# Attempts at traditional 2D animation!



## Summercat (Nov 30, 2007)

10 frame animation, 5 unique frames, all hand drawn. This is a sequal of sorts to my avatar, and I think I have a bit more action this time.

The tail didn't move asmuch as I thought it was going to, but the eyes and mouth worked like I envisioned.

I think next time I really ought to plan out the animation sequence...


----------



## MDTailz (Nov 30, 2007)

Heh cool, traditional animation is fun but not easy >.>

The eyes and mouth do look pretty good.

As for the tail.. Well keep working at it =P
Keyframes are your friend.

When tails move generally they start moving at the base and then the rest of it follows. (not always, but usually)
This is what i mean:

http://www.furaffinity.net/view/845535/
(ya it's old and it has it's problems and it takes forever to load, but the tail movement is nice =P)
http://media.putfile.com/rat-crawl-sequence
(not quite as strong, but you get the idea)
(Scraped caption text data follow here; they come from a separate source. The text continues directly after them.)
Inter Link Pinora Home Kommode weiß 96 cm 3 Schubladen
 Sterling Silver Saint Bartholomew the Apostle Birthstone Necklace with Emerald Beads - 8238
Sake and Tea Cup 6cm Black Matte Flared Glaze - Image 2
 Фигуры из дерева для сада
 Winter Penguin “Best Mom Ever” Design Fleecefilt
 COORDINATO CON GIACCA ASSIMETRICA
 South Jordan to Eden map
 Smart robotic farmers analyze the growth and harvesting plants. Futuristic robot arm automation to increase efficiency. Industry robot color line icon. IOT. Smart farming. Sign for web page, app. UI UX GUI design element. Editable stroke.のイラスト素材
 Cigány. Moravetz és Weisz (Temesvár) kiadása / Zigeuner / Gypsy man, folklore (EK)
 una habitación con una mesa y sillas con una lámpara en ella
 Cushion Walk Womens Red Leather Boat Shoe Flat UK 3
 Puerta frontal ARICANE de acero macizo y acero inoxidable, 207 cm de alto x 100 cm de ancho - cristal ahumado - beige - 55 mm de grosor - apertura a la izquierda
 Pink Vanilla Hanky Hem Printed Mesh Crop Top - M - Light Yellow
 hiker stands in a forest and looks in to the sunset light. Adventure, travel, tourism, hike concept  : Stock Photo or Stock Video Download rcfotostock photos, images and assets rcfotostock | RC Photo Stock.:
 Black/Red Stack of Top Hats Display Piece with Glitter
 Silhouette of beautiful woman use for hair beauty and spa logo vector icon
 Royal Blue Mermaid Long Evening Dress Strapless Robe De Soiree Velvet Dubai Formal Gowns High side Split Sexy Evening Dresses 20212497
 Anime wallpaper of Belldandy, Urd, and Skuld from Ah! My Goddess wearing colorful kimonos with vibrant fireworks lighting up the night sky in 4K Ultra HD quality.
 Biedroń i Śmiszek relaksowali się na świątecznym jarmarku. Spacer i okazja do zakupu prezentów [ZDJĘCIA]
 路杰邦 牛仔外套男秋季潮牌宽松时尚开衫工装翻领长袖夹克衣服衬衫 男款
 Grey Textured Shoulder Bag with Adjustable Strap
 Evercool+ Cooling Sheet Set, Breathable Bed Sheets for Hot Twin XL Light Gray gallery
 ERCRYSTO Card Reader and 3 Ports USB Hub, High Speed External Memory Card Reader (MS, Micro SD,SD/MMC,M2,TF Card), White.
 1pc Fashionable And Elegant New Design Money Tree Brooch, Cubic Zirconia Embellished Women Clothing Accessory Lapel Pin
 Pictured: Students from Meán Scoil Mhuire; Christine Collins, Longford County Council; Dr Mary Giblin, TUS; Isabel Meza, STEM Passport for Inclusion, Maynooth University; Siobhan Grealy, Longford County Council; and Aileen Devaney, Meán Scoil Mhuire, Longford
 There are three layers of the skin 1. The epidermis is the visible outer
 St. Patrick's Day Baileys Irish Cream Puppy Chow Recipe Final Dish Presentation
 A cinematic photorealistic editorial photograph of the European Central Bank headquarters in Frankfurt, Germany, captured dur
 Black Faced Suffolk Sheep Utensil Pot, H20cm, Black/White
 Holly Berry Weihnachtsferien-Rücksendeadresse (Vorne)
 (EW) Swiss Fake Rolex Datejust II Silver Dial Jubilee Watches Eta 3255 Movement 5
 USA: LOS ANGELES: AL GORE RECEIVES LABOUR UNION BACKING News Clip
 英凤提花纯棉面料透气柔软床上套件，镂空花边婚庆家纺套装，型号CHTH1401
I think if you impliment even a small portion of that it'll look more lifelike =D


----------



## Summercat (Nov 30, 2007)

MDTailz said:
			
		

> Heh cool, traditional animation is fun but not easy >.>
> 
> The eyes and mouth do look pretty good.
> 
> ...



Yeah, my friend (who has taken animation courses, I have not) mentioned actually animating the tail and the eyes on different frames. I'll possibly have another one to show next week when I abuse my friend's school's animation lab again ^^


----------



## MDTailz (Nov 30, 2007)

Summercat said:
			
		

> MDTailz said:
> 
> 
> 
> ...



Hehe
do you use a lunchbox? If so animating them on different frames helps SO much.
That's what i did on.... *looks around* well it's not on my computer, but ya tails (when not used for balance, like on anthro characters like yours) move seperately from the body, so that's why it makes it easier.
I'm not so sure about the eyes, I'd keep that consistant with the face. A lot of the time the eyes move with the face to make expressions. Like on yours i could see the eyebrows, hair, and ears moving with the eyes, depending on how much expression there is. All those little secondary actions are very important.
I haven't had an animation class for a year now, but i keep animating lolz. >.>
stupid... fundamental classes.


----------